Interviewing Alessio

After high school I found myself puzzled about what I wanted to do or study. Only thing I knew for sure was that I wanted to travel. I applied for a work and travel visa for Australia and spent an amazing year there. Towards to the end of my stay I met Alessio. Over the years we have met up several times and always in different countries. Alessio is from Italy.

What is your job title?

That is a good question. I’m always in trouble when somebody asks me what my job is. I guess I could say that I’m a trader, more specifically a metal scrap trader, or in many cases an agent. I try to be in touch with as many scrap yards, steelworks and foundries around the world as I can. When I see that somewhere there is a high demand of an alloy and I know where it can be sourced, I try to make a business out of it. Sometimes I buy and sell a relatively small quantity with a margin, sometimes I sell in account of big companies in bigger quantities and take a commission for my work.

Where do you work?

My office is in Lugano, Switzerland, but nothing really happens there beside lots of phone calls and emails.

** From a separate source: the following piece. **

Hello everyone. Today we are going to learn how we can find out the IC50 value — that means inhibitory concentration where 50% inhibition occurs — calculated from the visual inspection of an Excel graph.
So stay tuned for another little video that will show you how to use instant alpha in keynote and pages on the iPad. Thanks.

My clients at the moment are mainly in Germany, Italy and India, but this can also change fast depending on the market.
Less than 50% of my time is in the office. More often I visit clients, go to conferences and try to do some networking, and sometimes, I admit it, take the liberty to work from places I like 🙂

How did you get in to the line of work?

It was my father to bring me into this business. I had no intention to follow his steps, until I tried and was really surprised to find out how much I liked it. The new possibilities of communication and travel, along with my personal work style, surely changed a lot the kind of work I do now, but most of the concepts remains.

Did you feel lucky landing your job?

I like to work in general. I think that I would be happy in many other lines of work. My luck was that I had a teacher with true intentions of letting me learn all the tricks and not trying to hide them from me. Plus I’m very happy to have done some friends on the way whom I can trust.

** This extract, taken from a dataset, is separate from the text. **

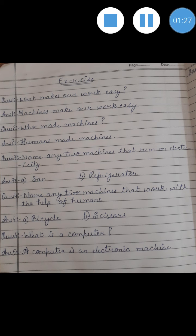Number 3: Name any two machines that run on electricity. You all know it very well — it's fan, refrigerator, or anything you can look around. Number 4: Name any two machines that work with the help of humans. Those are bicycle and scissors. Number 5: What is a computer? The answer is a computer is an electronic machine.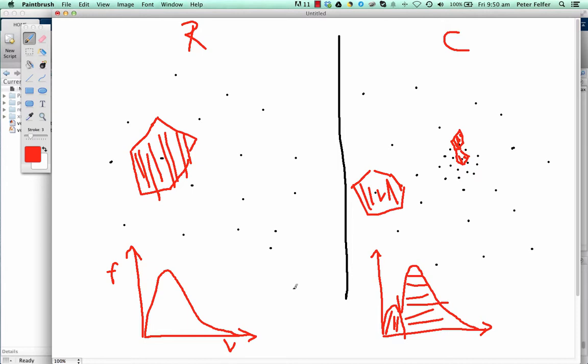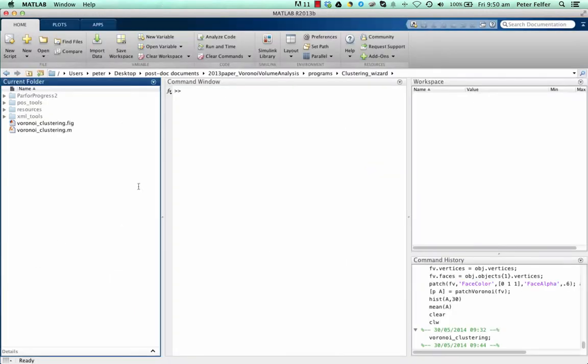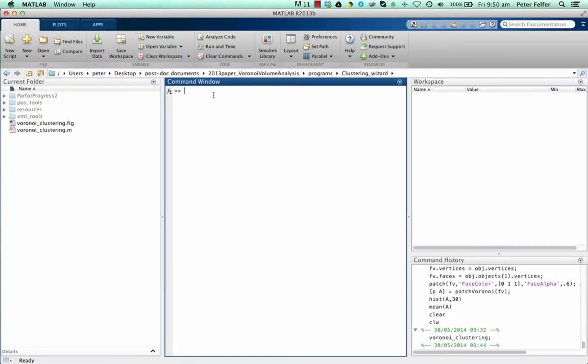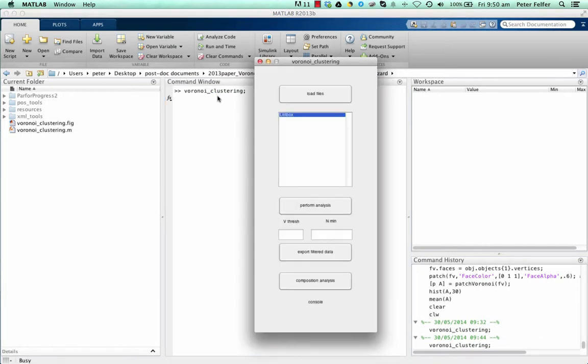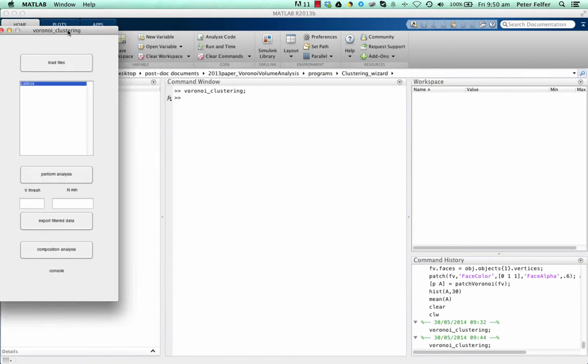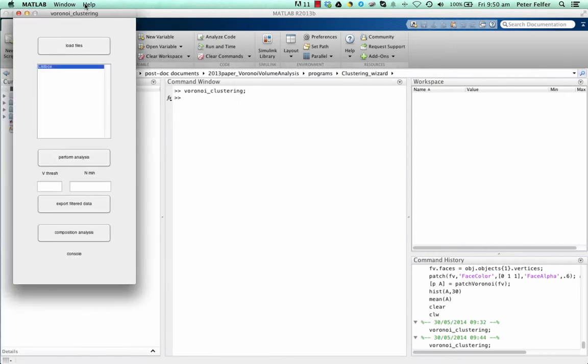I'll show you how to use the programs now. For our example, everything is running in MATLAB, so the programs that are contained with the paper are running in MATLAB. All you need to do is type in Voronoi clustering, and that starts the wizard. As you can see, the wizard is very simple as well. You need to actually follow the steps.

What qualifications are needed?

Languages are a big help, especially English and in my very specific case I take advantage of German.
Besides that, everything can be learned on the way. The only requirement is lots of good will, the intention of dedicating lots of time and energy to it (sometime I abuse this), and the knowledge that sometimes lessons that have to be learned can be very hard (or costly).

Are you striven by the work you do or your paycheck?

I work in recycling, I help steelworks reducing CO2 emissions by using scraps instead of minerals, I believe in the need of moving resources where they are most needed and I see many good effects of my work. I also like to keep my clients happy and help them with their needs, as with time, most of them become friends. The paycheck is the demonstration of a good work, but surely also the main reason to put such effort in what I do.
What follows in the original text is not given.